Our strategy is evolving on this, but CAARR will consider asking the Committees to invite officials from the Health and Human Services Agency to testify as well. Other likely participants could include CADPAAC and UCLA's office of Integrated Substance Abuse Programs.
Of interest: ADP contracted with UCLA to study and report on reorganizing 'behavioral health', i.e. ADP and DMH, last year. UCLA's recommendations (beginning at page 85 of their report) include the following:
- Abolish ADP and DMH, and move all their programs into a new division of MH and SUD services within the Department of Health Care Services.
- "Harmonize" facility licensing for MH and SUD program sites.
- Create a single counselor certification / licensing infrastructure at DHCS.
- Bring consultants from states that have consolidated MH and SUD to California to help integrate these services into the Primary Care system.
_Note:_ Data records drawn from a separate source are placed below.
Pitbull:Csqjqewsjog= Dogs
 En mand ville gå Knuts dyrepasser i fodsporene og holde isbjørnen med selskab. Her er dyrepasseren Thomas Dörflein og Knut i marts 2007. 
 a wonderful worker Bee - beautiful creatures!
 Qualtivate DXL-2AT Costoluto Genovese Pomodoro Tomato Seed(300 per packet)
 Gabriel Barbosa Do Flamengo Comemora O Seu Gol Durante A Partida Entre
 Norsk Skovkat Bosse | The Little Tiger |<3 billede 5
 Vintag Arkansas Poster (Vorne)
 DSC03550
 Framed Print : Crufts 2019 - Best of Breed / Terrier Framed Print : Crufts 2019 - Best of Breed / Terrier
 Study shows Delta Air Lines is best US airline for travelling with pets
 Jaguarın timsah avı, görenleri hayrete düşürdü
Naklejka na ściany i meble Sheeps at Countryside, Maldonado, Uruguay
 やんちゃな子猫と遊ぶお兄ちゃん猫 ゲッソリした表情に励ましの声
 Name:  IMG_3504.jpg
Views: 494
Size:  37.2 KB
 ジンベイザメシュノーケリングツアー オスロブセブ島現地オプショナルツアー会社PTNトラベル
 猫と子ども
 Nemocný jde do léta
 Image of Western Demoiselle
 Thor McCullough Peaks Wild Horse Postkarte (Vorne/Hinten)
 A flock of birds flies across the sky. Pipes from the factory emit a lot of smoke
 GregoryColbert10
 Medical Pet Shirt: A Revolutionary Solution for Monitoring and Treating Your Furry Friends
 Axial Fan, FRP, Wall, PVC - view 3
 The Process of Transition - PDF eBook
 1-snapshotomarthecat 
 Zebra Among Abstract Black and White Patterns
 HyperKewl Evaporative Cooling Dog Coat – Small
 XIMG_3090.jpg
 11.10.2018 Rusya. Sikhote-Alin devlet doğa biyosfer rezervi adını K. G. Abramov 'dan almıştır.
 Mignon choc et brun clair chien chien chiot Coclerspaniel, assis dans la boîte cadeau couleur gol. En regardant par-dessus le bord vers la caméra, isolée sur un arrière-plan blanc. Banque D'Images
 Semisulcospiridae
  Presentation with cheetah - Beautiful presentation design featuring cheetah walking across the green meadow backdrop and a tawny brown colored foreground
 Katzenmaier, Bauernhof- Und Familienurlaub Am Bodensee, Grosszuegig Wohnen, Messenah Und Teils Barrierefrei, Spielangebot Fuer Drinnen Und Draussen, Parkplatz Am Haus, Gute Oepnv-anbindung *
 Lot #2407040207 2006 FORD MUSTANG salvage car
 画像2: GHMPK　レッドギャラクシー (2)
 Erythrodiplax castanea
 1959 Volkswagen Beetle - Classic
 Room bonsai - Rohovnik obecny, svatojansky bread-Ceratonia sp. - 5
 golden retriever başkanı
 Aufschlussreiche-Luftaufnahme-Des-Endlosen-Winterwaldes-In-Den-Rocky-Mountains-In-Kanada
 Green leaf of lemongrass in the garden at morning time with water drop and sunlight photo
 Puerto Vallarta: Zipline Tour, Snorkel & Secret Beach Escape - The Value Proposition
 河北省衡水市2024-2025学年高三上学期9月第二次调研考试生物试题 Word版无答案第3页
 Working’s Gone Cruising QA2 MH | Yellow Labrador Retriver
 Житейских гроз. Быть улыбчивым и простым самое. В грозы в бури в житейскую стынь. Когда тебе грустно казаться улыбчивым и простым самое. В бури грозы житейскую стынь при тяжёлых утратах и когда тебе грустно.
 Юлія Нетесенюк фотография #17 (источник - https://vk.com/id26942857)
CAARR has various reservations about these conclusions as well as others not summarized here. For example, what exactly is meant by "harmonizing" licensing? If UCLA is suggesting that AOD treatment facilities meet exactly the same standards as "inpatient" MH facilities, big problems could lie ahead. As for a single counselor licensing and certification entity, CAARR and our partners in the CBC group tried mightily to accomplish exactly that same task in response to ADP's bill a couple years ago. But our proposal left a clearly defined role for Certifying Organizations, and we do not believe the government could perform most CO functions adequately, or economically, if at all. Finally, we are concerned about the suggestion to hire consultants from other states. The UCLA report delineates problems (and reputed benefits) in consolidating MH and SUD programs in 7 other states. Yet these same people who were instrumental in those mergers and re-orgs are recommended as "consultants" for California. UCLA never seems to have studied the question, "Should this re-org occur?", or really addressed WHY it should or should not occur.